106. On the World War and the Memorandum of July 1917

The war was not the result of level-headed deliberation. Level-headedness was absent in many places. It was replaced by a pathological agitation. At most, one can say that the spirit of speculation (e.g. the Baghdad Railway project) had an effect. The fact that speculation was able to exploit aspirations of nations contributed greatly to this. The states were dependent on these things. Because even the “household goods” had to put themselves at the service of the world economy. What has become of it now: The Entente and America, which were economically stable, have remained in such a way that they can be restored to their old state without any upheaval. The Central Powers, Russia, etc. are economic deserts, without a single point offering the prospect of reconstruction. We should have no illusions about this. The ideals of the people will not bring order to the deserts, but will initially increase the chaotic character. This can be seen in Austria, if one only wants to.

This has been foreseen in the appropriate places in England. There they knew that the social conditions made the world war necessary. They took it into account. They could draw the map of Europe that they foresaw there. They could know that the Central Powers would only believe themselves saved by a war.

Only by responding to timely impulses could the Central Powers and Russia have avoided the war. This did not happen. But perhaps, one might think, the course of the catastrophe taught people something? Hence my memorandum. It was based on two points of view. A straightforward account of the start of the war. Opposition to a Central European rally that would have been suitable for taking hold in Eastern Europe [in contrast to] Wilson's statements. For these cannot create a salutary social structure in Europe. They are based on the insights of the Anglo-American world. On the assumption that a political body can bring about the economic order of the present. Within this world one can. Outside of this world one cannot. But one only knows this within this world.

It was important to counter such a proclamation with one from Wilson that would have inspired confidence on this side. One that would have shown through its own content: A disruption of world peace will no longer be able to occur through the Central Powers. The second point of view of my memorandum was based on this. It was based on the assumption that the conditions of modern life in the non-English and the English-dependent areas make a tripartite division of the entire social structure necessary. 1. Legislation and administration in the sense of popular traditions. 2. Organization of economic life according to opportunistic principles. 3. free production and judgment in the intellectual field, which also includes the judicial.

Because this was not taken into account, socialist utopias arose, the much-admired but actually helpless German and Austrian national economies arose, and in Russia the most terrible social movement that humanity has ever seen arose.

The representatives of the state-planned social order within the old states were helpless; the socialists in Germany, for example, are helpless now. In Russia, they are complete illusionaries. Those in Germany want to continue war socialism.

One should not say: as things stand today, such ideas are of no use, because others live in the minds of the people.
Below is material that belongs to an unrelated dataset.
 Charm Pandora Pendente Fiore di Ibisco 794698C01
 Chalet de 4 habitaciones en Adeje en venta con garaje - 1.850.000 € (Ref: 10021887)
The “leaders” will be compromised in no time and with them the ideas. Then the “followers” will be inclined to listen to others and to other things. But this other thing will have to be what is demanded by the times.

The old ideas cannot be worked with any longer. They have failed where they should extend to the social realm. The first thing is to free the education system.
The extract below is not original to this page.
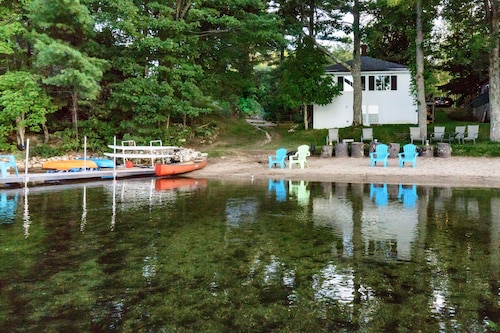 Summers in Maine....
Whip O'Will Lake House on Sabbathday Lake in New Gloucester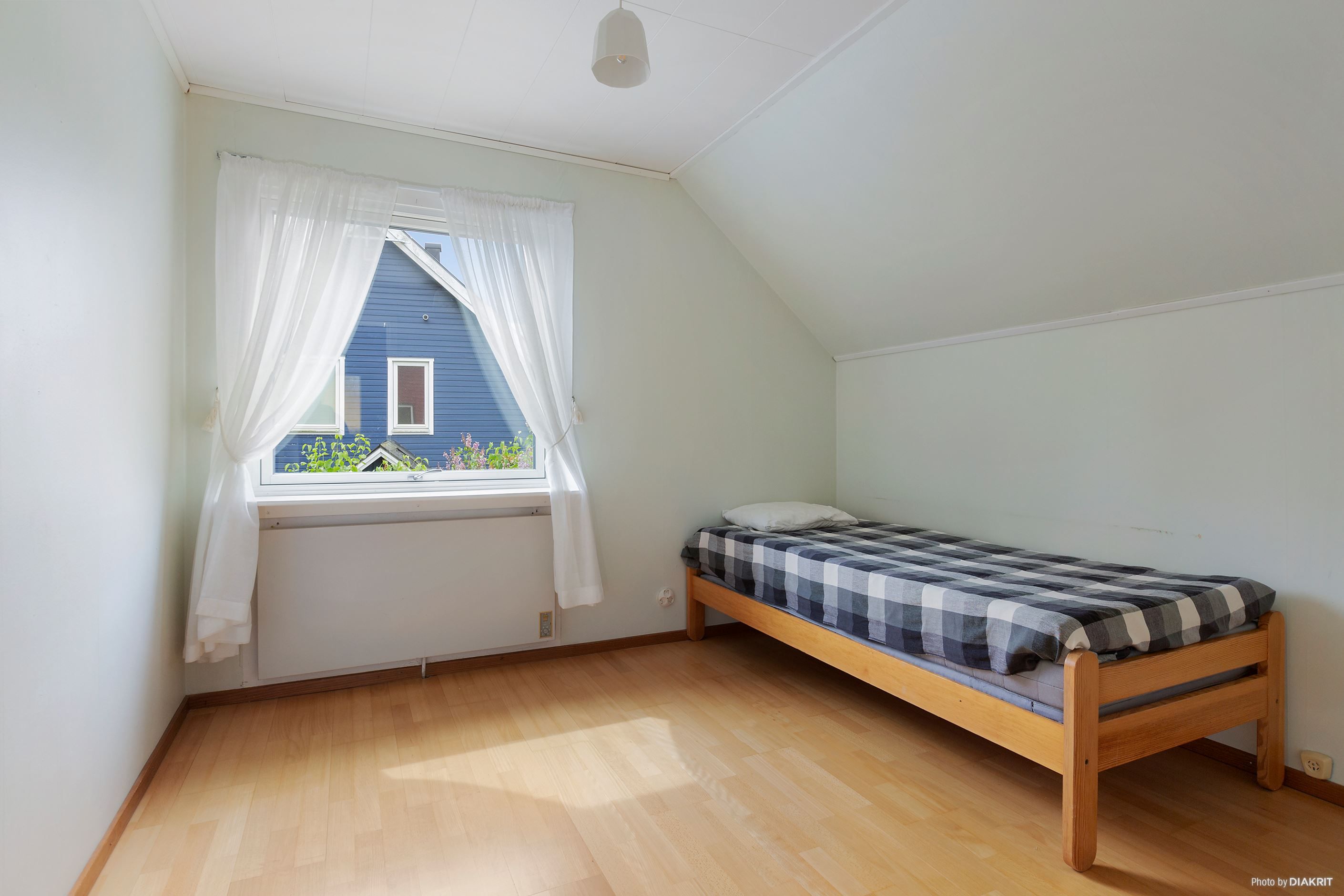 Sovrum 4 - övre plan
(In nature, overproduction is the law of life – in human life, overproduction of intellectual products is harmful. It is not possible for a battle of ideas to take place. The autonomy of the school, religious and judicial systems to the full extent.

It would be utopian to believe that something like the developed program should be immediately implemented in institutions. But that is not what it should aim for; rather, it should aim for the ideas flowing from the developed program to be reflected in public life.

It is through this that the commodity is made independent of labor. That is why the socialists were able to win the masses, because they were able to point out the fact that labor power has become a commodity. — It is important to note that for the modern worker, it is only a commodity.